WHAT THE TASK REQUIRES: A verbatim transcript of the data that follows, free of images, is the expected result.

SOURCE DATA:
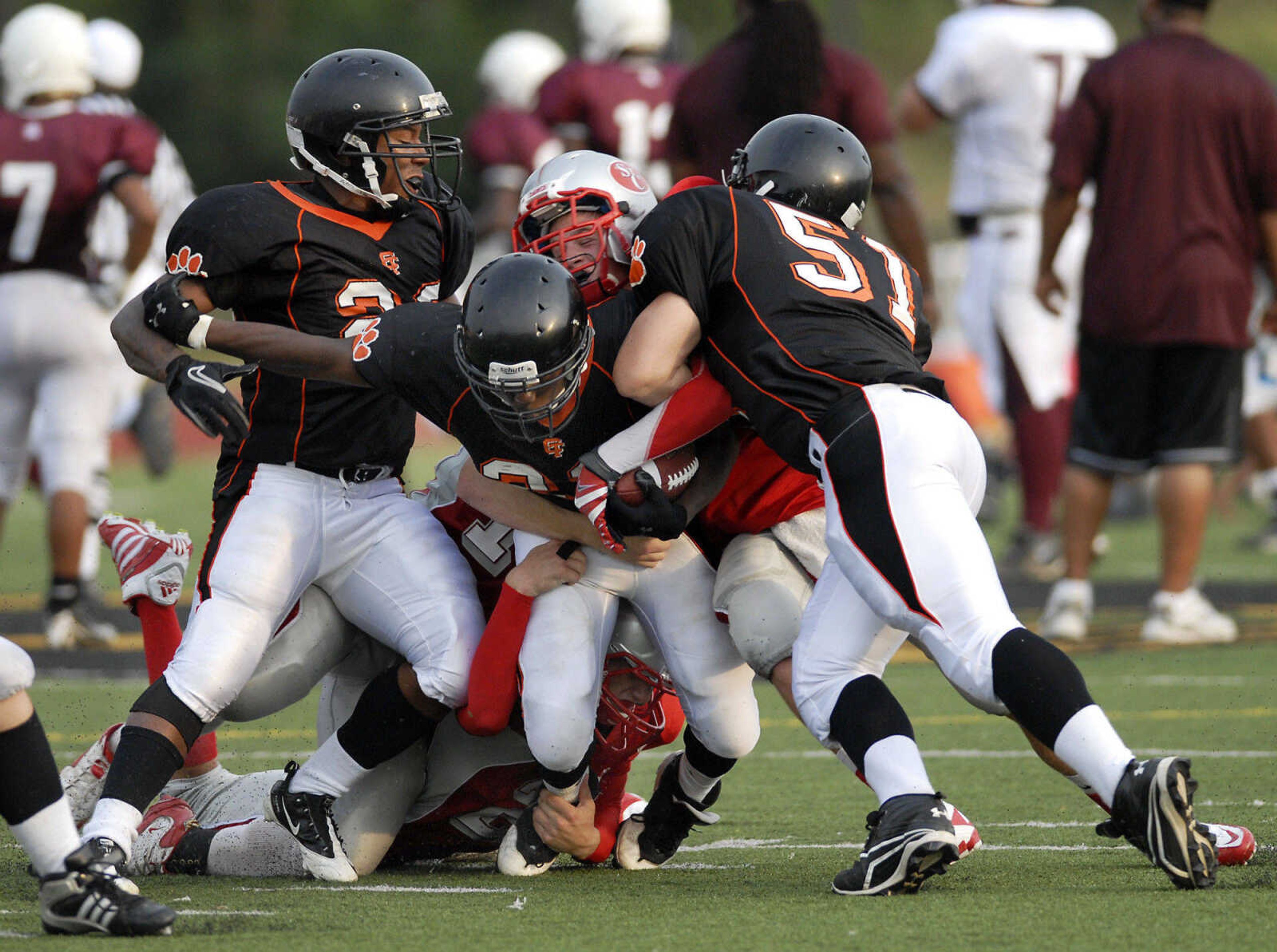 KRISTIN EBERTS ~ keberts@semissourian.com

Cape Central's Deonte Jenkins, center, gets tackled by St. Clair defenders during a jamboree game on Friday, August 20, 2010, at Farmington High School.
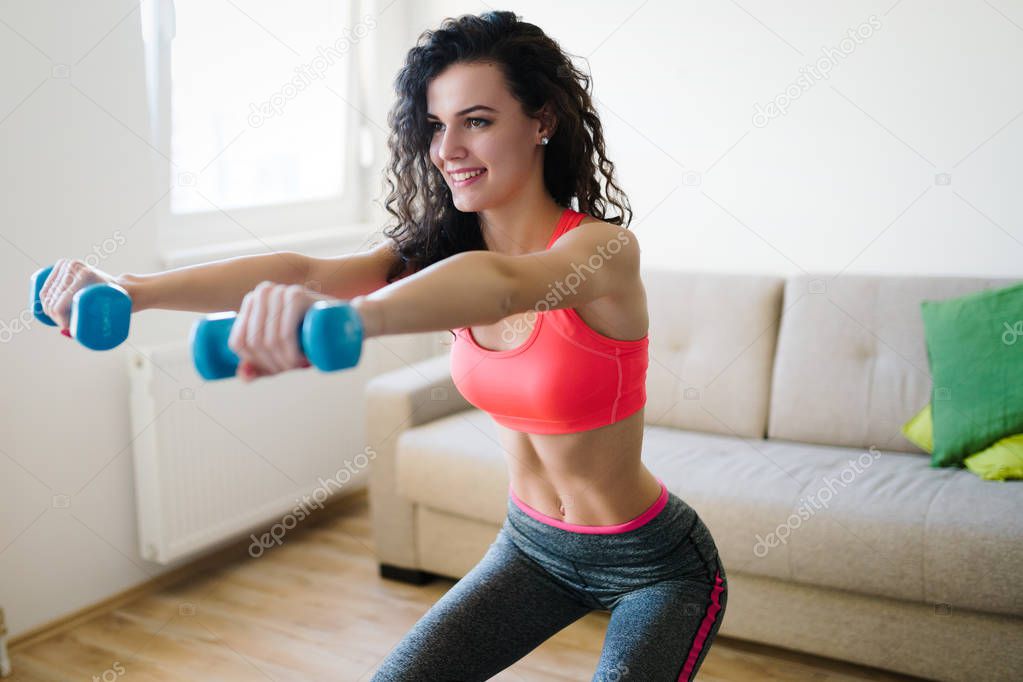 Young attractive sportswoman doing fitness exercises at home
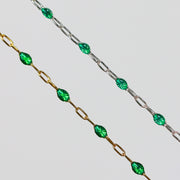 Two gold and silver chains for permanent jewelry with emerald green enamel that sparkles on a light gray background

RESULT BELOW:
 KRISTIN EBERTS ~ keberts@semissourian.com

Cape Central's Deonte Jenkins, center, gets tackled by St. Clair defenders during a jamboree game on Friday, August 20, 2010, at Farmington High School.
 Young attractive sportswoman doing fitness exercises at home
 Two gold and silver chains for permanent jewelry with emerald green enamel that sparkles on a light gray background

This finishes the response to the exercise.